I znow samosąd. Panowie czy ktos zamawial akwarum u Przemka by moc sie wypowiedziec? Co chwile czyta sie ze Przemek to czy tamto. Dzis odebralem od od Przemka akwarium. Zostalo wykonane tak jak chcialem, perfekcyjnie i w terminie 3 tygodni gdzie umawialismy sie na 5. 

3 posty i 3 w obronie Przemka. Miasto też to samo. 

Przemek ewidentnie ma problemy z organizacją. Sam zostałem tym dotknięty a i mój znajomy, który zamawiał miał nie lada problemy z terminem.

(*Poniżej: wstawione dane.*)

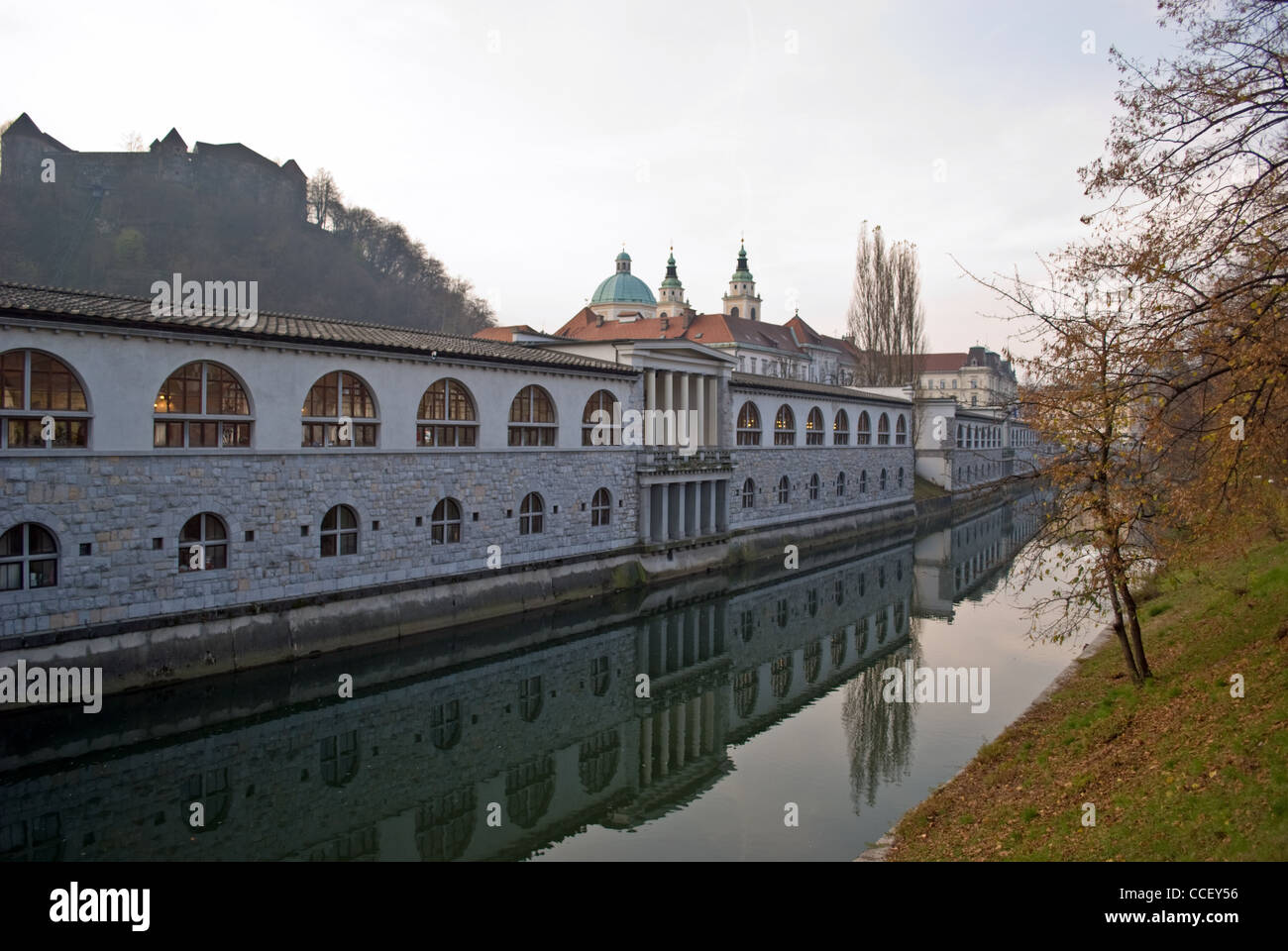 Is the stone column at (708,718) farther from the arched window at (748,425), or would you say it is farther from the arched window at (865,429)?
the arched window at (865,429)

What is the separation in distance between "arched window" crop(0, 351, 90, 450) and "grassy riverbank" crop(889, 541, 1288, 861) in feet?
56.1

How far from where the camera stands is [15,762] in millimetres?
14961

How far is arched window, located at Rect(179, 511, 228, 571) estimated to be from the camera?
19656 mm

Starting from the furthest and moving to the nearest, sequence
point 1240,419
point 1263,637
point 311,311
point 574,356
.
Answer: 1. point 311,311
2. point 574,356
3. point 1263,637
4. point 1240,419

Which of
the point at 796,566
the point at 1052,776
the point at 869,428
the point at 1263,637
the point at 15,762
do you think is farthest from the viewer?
the point at 869,428

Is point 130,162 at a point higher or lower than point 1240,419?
higher

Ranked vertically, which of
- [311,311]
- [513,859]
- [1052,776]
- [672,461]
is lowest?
[513,859]

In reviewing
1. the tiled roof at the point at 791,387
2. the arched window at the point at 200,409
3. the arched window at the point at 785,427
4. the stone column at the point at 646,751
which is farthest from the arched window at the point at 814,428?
the arched window at the point at 200,409

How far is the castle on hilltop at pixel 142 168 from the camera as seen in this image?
73.1m

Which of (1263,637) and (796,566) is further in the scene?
(796,566)

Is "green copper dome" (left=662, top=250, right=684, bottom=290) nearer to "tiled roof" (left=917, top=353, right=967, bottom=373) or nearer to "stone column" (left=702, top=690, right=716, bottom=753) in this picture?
"tiled roof" (left=917, top=353, right=967, bottom=373)

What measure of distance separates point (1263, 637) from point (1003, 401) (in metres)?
5.56

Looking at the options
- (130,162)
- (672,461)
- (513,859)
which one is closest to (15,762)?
(513,859)

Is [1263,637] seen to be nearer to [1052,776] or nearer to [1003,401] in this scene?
[1052,776] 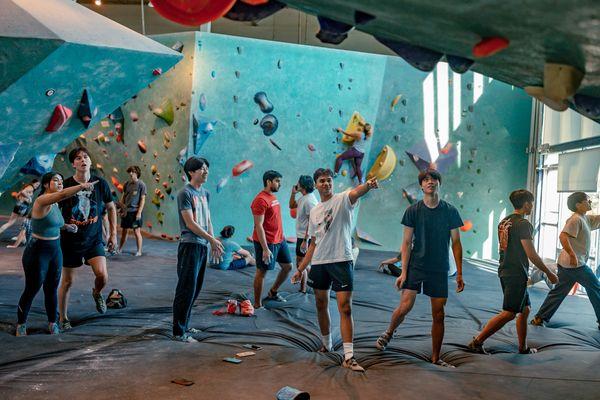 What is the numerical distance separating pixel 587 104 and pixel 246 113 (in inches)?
370

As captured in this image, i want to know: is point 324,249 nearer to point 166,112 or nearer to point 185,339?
point 185,339

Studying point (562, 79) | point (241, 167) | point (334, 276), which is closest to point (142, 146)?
Answer: point (241, 167)

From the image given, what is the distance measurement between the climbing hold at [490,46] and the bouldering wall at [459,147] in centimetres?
1019

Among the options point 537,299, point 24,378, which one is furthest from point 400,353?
point 537,299

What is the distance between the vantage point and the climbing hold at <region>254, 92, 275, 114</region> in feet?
37.7

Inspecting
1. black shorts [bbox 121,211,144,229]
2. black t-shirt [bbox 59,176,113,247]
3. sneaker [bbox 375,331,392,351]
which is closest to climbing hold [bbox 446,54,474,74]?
sneaker [bbox 375,331,392,351]

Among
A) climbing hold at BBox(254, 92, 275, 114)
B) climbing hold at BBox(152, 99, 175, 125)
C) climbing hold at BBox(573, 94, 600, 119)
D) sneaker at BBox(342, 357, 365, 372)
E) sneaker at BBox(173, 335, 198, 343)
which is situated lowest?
sneaker at BBox(173, 335, 198, 343)

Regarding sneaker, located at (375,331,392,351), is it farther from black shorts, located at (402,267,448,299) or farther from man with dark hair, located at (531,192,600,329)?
man with dark hair, located at (531,192,600,329)

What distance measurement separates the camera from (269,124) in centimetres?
1161

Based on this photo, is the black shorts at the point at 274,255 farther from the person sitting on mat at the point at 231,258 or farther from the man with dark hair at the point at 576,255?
the man with dark hair at the point at 576,255

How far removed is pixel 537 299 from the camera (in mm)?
7648

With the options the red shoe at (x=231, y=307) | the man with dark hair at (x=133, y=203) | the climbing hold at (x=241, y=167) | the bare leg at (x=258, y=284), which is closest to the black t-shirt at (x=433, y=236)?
the bare leg at (x=258, y=284)

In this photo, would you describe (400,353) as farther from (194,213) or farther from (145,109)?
(145,109)

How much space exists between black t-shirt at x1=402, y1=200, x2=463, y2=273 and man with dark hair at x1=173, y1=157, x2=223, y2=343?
1.48 m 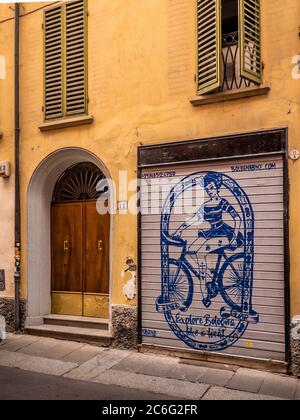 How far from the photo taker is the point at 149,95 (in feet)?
24.6

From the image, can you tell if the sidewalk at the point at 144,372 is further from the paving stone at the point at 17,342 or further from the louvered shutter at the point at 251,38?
the louvered shutter at the point at 251,38

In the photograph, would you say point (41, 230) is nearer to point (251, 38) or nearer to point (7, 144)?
point (7, 144)

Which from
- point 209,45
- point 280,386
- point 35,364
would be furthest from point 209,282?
point 209,45

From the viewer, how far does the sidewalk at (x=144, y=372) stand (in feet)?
18.8

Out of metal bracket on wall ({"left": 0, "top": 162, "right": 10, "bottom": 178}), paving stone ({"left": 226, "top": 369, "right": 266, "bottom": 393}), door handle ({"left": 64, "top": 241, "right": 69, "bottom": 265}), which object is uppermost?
metal bracket on wall ({"left": 0, "top": 162, "right": 10, "bottom": 178})

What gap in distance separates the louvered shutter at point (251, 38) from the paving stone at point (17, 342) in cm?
576

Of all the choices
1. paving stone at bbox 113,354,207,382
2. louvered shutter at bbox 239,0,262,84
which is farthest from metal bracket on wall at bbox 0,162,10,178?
louvered shutter at bbox 239,0,262,84

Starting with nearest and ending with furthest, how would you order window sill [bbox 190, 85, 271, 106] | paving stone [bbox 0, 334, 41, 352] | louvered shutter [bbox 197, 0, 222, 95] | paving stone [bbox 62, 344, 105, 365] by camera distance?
window sill [bbox 190, 85, 271, 106] → louvered shutter [bbox 197, 0, 222, 95] → paving stone [bbox 62, 344, 105, 365] → paving stone [bbox 0, 334, 41, 352]

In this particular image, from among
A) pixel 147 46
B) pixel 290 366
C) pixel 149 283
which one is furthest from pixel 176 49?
pixel 290 366

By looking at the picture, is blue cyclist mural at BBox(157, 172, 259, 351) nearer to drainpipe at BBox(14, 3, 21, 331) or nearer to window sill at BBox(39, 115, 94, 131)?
window sill at BBox(39, 115, 94, 131)

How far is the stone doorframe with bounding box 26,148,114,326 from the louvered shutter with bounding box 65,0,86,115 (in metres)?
0.91

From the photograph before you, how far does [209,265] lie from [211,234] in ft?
1.56

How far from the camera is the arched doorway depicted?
8422 millimetres

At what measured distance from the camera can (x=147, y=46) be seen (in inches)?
297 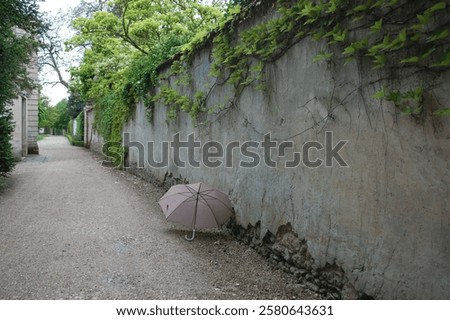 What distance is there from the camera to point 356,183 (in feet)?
9.88

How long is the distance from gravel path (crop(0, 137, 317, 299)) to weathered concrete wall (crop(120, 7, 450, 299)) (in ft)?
1.73

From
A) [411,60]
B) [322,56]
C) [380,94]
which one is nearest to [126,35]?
[322,56]

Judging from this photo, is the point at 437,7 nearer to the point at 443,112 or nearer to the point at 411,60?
the point at 411,60

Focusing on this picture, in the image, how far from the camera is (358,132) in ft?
9.80

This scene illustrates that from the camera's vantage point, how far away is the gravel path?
3539 mm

Akwarium widziałem na własne oczy i jest wykonane bardzo dobrze ale organizacja do poprawy.

20 minut temu, Mkrzywy napisał:

Co chwile czyta sie ze Przemek to czy tamto

To chyba ewidentnie potwierdza, że jest problem.

Opublikowano

Przykra sprawa. Ja zamawiałem rok temu w Akwarium  Szczecin swój zbiornik (co prawda sporo mniejszy) mając świadomość długiego terminu oczekiwania. Oczywiście po wniesieniu do domu, rozpakowaniu i oględzinach spoin oraz całości wykonania byłem zadowolony z precyzji wykonania. Wymiary tez miałem niestandardowe i sie zgadzały. 

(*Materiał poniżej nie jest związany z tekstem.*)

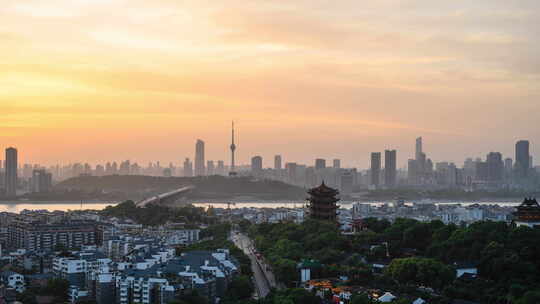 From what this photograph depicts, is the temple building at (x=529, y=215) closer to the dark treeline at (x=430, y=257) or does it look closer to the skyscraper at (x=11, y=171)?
the dark treeline at (x=430, y=257)

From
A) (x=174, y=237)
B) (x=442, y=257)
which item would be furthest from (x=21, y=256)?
(x=442, y=257)

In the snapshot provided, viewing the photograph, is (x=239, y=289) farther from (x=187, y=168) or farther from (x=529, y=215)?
(x=187, y=168)

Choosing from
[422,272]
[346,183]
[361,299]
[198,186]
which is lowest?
[361,299]

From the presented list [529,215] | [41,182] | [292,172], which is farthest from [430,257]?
[292,172]

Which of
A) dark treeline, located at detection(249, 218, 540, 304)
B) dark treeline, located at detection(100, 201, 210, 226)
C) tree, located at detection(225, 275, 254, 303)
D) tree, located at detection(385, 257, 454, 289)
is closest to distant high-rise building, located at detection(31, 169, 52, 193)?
dark treeline, located at detection(100, 201, 210, 226)

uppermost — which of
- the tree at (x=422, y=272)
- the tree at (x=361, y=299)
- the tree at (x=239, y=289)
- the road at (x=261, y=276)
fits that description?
the tree at (x=422, y=272)

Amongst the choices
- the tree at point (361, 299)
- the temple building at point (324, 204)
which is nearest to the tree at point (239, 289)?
the tree at point (361, 299)

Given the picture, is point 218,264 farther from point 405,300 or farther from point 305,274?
point 405,300

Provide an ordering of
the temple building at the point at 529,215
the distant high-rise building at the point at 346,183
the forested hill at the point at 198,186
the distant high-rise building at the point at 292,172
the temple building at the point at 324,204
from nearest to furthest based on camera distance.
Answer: the temple building at the point at 529,215 → the temple building at the point at 324,204 → the forested hill at the point at 198,186 → the distant high-rise building at the point at 346,183 → the distant high-rise building at the point at 292,172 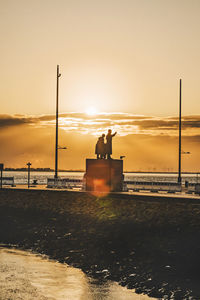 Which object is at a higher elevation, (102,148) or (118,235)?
(102,148)

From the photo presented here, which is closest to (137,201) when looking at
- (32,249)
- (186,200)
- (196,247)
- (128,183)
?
(186,200)

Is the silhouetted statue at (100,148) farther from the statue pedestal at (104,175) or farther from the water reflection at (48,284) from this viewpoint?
the water reflection at (48,284)

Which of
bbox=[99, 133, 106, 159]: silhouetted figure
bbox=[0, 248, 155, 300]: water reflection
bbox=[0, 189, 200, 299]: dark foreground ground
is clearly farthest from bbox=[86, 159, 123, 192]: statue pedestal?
bbox=[0, 248, 155, 300]: water reflection

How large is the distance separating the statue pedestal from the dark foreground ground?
2841 millimetres

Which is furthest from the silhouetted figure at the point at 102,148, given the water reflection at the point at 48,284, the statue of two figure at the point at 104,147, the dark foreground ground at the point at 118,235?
the water reflection at the point at 48,284

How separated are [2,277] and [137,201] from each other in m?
12.4

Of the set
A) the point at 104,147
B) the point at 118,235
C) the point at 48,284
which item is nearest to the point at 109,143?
the point at 104,147

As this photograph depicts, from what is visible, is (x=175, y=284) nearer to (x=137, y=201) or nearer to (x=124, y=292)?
(x=124, y=292)

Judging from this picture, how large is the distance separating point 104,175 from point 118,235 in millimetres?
13106

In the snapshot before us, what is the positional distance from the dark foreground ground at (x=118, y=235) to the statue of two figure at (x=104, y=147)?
13.5ft

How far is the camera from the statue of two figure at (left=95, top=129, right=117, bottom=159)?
126 feet

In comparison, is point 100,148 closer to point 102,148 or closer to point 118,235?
point 102,148

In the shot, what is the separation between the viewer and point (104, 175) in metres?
38.6

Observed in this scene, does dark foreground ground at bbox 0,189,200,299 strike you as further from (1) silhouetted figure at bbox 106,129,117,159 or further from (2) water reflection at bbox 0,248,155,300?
(1) silhouetted figure at bbox 106,129,117,159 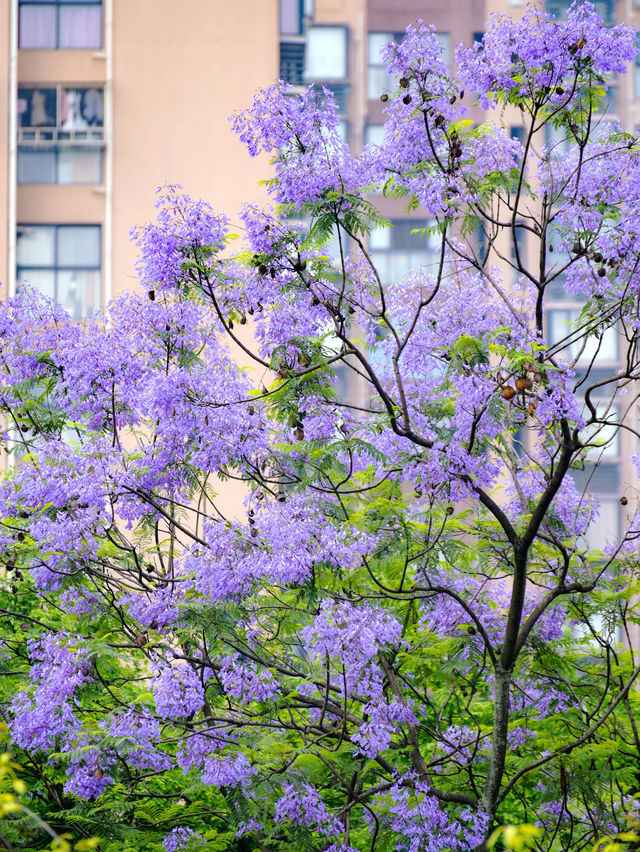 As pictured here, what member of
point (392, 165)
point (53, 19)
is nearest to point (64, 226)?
point (53, 19)

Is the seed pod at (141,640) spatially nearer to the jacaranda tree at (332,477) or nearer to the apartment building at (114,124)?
the jacaranda tree at (332,477)

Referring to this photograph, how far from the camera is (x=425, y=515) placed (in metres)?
9.20

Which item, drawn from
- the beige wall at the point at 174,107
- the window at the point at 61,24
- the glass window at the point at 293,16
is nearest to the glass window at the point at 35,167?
the beige wall at the point at 174,107

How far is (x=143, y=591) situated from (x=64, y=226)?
1829cm

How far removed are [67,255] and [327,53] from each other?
27.9 ft

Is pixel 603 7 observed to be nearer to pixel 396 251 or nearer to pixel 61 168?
pixel 396 251

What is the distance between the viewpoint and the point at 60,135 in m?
25.6

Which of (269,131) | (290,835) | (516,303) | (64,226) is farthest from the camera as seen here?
(64,226)

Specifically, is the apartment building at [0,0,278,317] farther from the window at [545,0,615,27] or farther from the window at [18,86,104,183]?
the window at [545,0,615,27]

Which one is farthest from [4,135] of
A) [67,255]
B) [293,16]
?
[293,16]

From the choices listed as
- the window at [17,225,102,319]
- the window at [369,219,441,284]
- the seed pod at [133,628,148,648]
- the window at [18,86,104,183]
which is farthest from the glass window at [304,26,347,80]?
the seed pod at [133,628,148,648]

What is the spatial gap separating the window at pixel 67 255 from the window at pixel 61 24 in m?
3.77

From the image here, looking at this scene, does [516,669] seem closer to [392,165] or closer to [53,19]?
[392,165]

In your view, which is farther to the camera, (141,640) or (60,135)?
(60,135)
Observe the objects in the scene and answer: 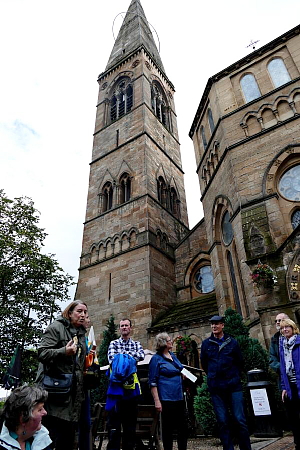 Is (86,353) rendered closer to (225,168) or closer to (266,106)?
(225,168)

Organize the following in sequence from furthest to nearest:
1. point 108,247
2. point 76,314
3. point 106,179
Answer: point 106,179, point 108,247, point 76,314

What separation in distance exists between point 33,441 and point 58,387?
1.96 ft

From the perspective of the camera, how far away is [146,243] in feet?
52.1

Mam nadzieje, że uda się coś zrobić z tym tak by było dobrze.

 

Opublikowano

Obejrzałem film do końca (koniec jest najważniejszy).

Uważam, że tak kontrowersyjna firma (jak jak ta, której dotyczy wątek) nie powinna być partnerem Klubu Malawi.

To, że jest również liczne grono zadowolonych klientów, nie ma tutaj żadnego znaczenia.

Przytoczony przykład (sposób potraktowania klienta) jest dyskwalifikujący. A niestety nie jest jedyny. W tym przypadku przekroczone zostały jednak wszystkie granice.

W tej sprawie jestem bezstronny, bo wszystkie moje zbiorniki  były nabywane (i w przyszłości myślę, że to się nie zmieni) "w komplecie". Nie wiem nawet kto je kleił.

  • Dziękuję 1
Opublikowano

Przykra sprawa, ja nie miałem zastrzeżeń, nie licząc tego że tylną szybę musiałem oklejać czarną folią samemu, miała być oklejona przez Przemka. Folię otrzymałem razem z akwarium.

Wysłane z mojego SM-N9005 przy użyciu Tapatalka

Opublikowano

myślę, że spora część klientów zastanowi się przed zamówieniem ..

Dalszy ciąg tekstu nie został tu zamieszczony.